Last US defector to North Korea dies after suffering stroke, sons confirm
James Joseph Dresnok deserted by crossing the heavily fortified Demilitarised Zone in 1962. He went on to appear in North Korean propaganda films.world Updated: Aug 21, 2017 16:11 IST
The only US soldier known still to be living in North Korea after defecting more than five decades ago died last year pledging loyalty to the “great leader Kim Jong-Un”, his sons said.
James Joseph Dresnok was among just a handful of American servicemen to desert following the 1950-53 Korean War, crossing the heavily fortified Demilitarised Zone in 1962.
He went on to appear in North Korean propaganda films and was believed to be the last US military defector in the country, the others all having died or been allowed to leave.
In a video interview posted on the state-run Uriminzokkiri website, Ted and James Dresnok, his two adult sons, confirmed that their father suffered a fatal stroke in November last year.
“Our father was in the arms of the republic and received only the love and care of the party until his passing at age 74,” said Ted Dresnok, the elder of the two.
Brown-haired and hazel-eyed, he wore a Korean People’s Army uniform in the video like his brother, adorned with a badge depicting the North’s founder Kim Il-Sung and his son and successor Kim Jong-Il.
Both men were born in North Korea and spoke Korean with a thick Northern accent.
“Our father asked us to render devoted service to our great leader Kim Jong-Un,” said Ted Dresnok, who also goes by the Korean name Hong Soon-Chol.
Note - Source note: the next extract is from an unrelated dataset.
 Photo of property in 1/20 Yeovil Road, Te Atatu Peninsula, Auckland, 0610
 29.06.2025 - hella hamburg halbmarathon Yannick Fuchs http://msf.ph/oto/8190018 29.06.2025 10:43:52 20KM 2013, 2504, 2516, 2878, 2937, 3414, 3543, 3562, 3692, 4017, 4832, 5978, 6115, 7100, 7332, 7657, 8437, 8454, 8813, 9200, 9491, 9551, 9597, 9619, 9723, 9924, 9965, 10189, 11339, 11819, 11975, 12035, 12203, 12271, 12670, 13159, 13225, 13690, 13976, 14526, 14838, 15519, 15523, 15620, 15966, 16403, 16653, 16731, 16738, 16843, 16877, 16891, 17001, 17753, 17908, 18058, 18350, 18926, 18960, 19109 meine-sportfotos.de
Their comments were similar to those of ordinary North Koreans, who normally only ever express officially approved sentiments when speaking for a foreign audience.
It was the brothers’ second appearance on the programme, after they praised the country in a May 2016 interview.
Their mother is said to have been Doina Bumbea, a Romanian whose family say she was kidnapped by Pyongyang.
Reports of Dresnok’s death emerged earlier this year but the brothers’ video is the first official confirmation.
The late James Dresnok, known as Joe, was 21, newly divorced and reportedly facing a court-martial when he made his way through the minefields that litter the DMZ to reach North Korea. He was the subject of a 2006 British documentary, “Crossing the Line”, which was nominated for a Grand Jury prize at the Sundance film festival.
In it he expressed satisfaction with his life in Pyongyang, where citizens enjoy better standards of living than people elsewhere in the isolated country. Co-director Nick Bonner told AFP: “Joe seemed to have accepted he was going to remain in the north due to politics and ill health.
“Also his memory of life in the US was not so rosy, having grown up in an orphanage and not established himself.”
Dresnok once told a CBS interview he would not leave the North even if “you put a billion damn dollars of gold on the table”.